The other option is Google Cardboard, which seems to be getting more excitement from Google’s end, but I think it’s not a joke. You can have a real casual experience buying something at Barnes & Noble for a dollar, putting it over your phone. We’re going to support that as well. We have an Android app that will run in VR mode for the Gear VR, but it’ll also support Google Cardboard. There are like five people making adapters for iPhones, so it’ll do VR mode even on that. But the best experience for VR, the special one, will be Gear VR. That’s where it’s so low-latency that you get a better experience than even on Oculus. I imagine there being some interesting experiences possible in Google Tango, which is not quite VR, but as you move your tablet, move your view through the scene, you get to slide into this virtual world.

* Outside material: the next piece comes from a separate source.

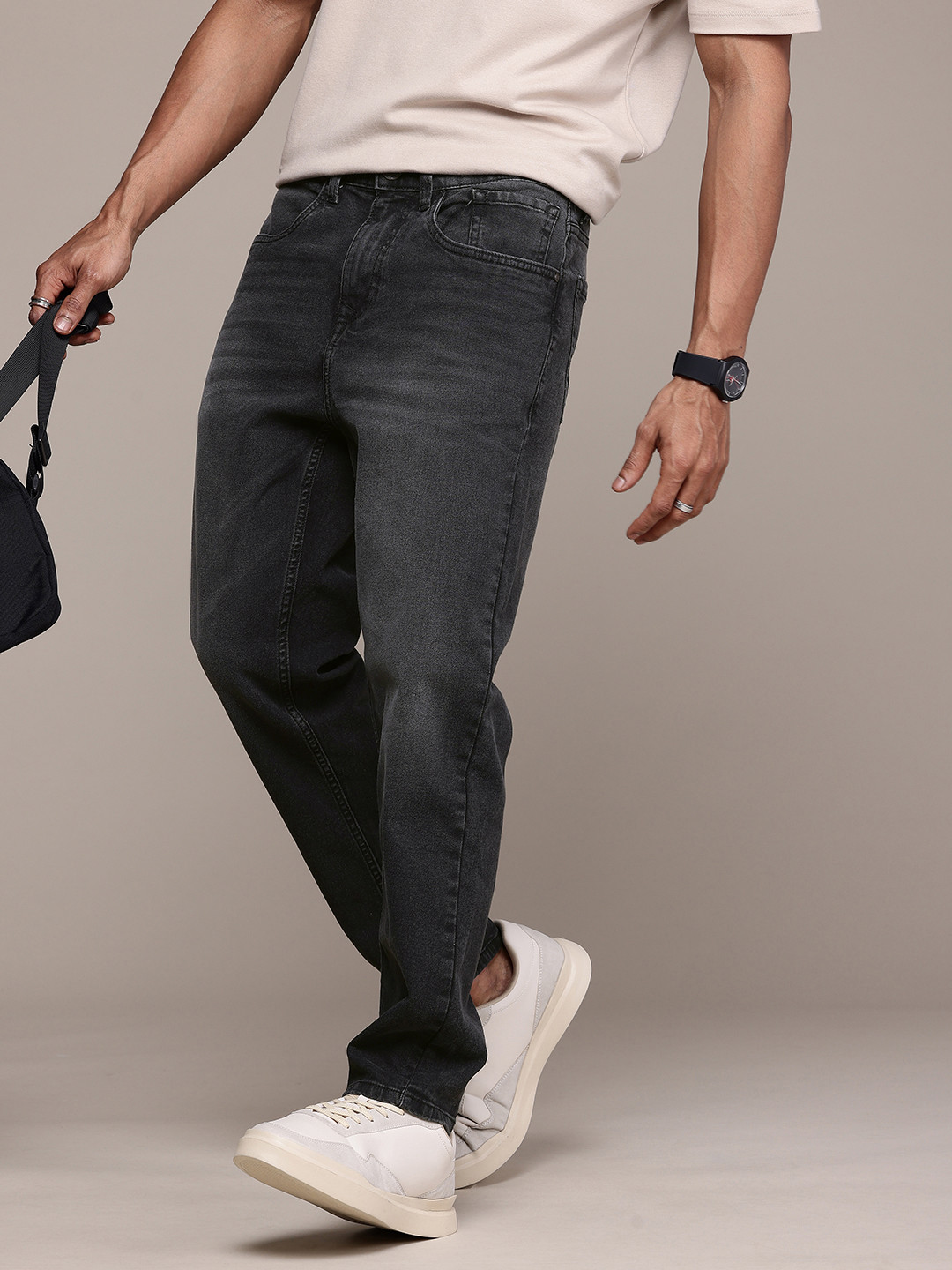 WROGN Men Slim Ankle Fit Light Fade Stretchable Jeans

Even without VR, one texture from a holographic stream means you just look at it like you’re looking through a window. This is using the DK2 tracking. I put the goggles on my head and had my iPhone next to me. This is to show the effect. Inside the VR thing, it’s like you’re looking through a window. This effect is super cheap. It can be decoded on any device. One frame is like a hologram. It blows open the door to all sorts of crazy stuff, because all these streams I’m showing you, when you have just one frame of it, you actually can look around. If the Internet’s bad, you still have the ability to have presence.
It looks photo-real. This is our renderer running on X.IO. You can set up this scene and build it in Max or Maya, also in the cloud. Once it’s done, you get back a stream that’s sent down as a panorama that you saw before, but this type of panorama, even though it’s cut off at the top and bottom, has the ability for you to move around in it. That’s the magic of holographic streaming that we’re excited to launch.

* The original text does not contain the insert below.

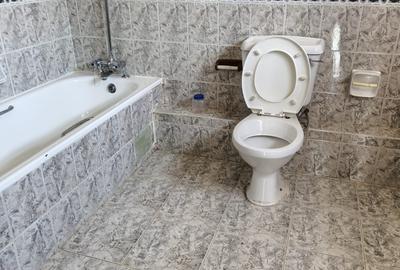 5 Bed Villa with En Suite in Spring Valley - 4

We have the decoder working on PC. We’re working on a decoder for mobile devices. That’s it. This is also awesome for Project Tango, which is exactly this effect. You have the tablet moving through space, and as you move it, you’re moving through that holographic stream, or even one frame. This is exactly that. We send the coordinates to the server. The server sends one frame. That’s the one frame, and even without sending another one — it’s also double-sided. If you flip around you can see it from the other angle. It’s the first tech of its kind, that can stream a hologram down.

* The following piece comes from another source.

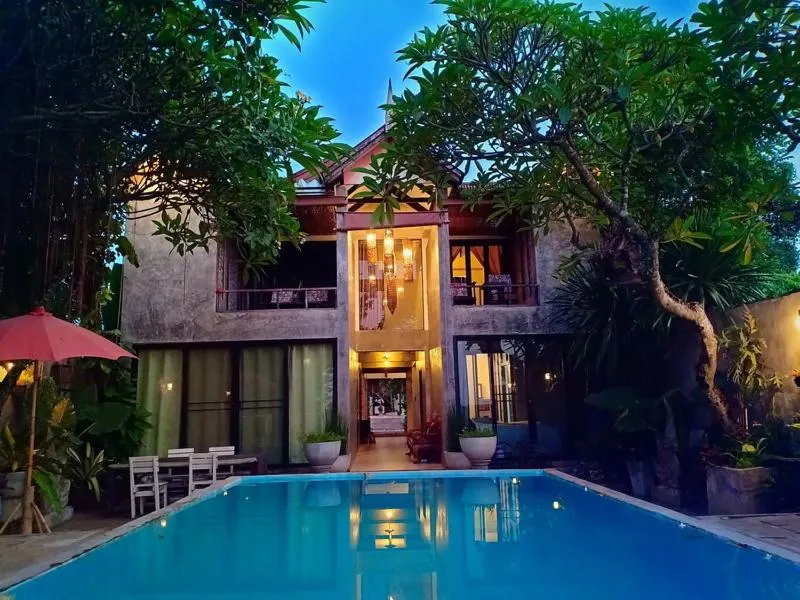 Property building in Sofa Gallery Hotel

You can also store it offline. For one meter by one meter of holographic volume, it’s 64 megabytes. That’s not very big. A PNG that’s a panorama is 12 megabytes. It’s pretty small. Maybe four or five times more than a 2D PNG. Video is also something that we’re supporting. We’re working on doing live capture. I don’t know if you saw our Light Stage stuff, but we’re adapting that light field recording technology so we can record holographic, volumetric information and put that in the cloud and stream that down.
There’s a lot of sports leagues that are interested in this technology. They want to tap into VR and next-gen experiences. We’re covering that as a superset of what we can do with this kind of streaming.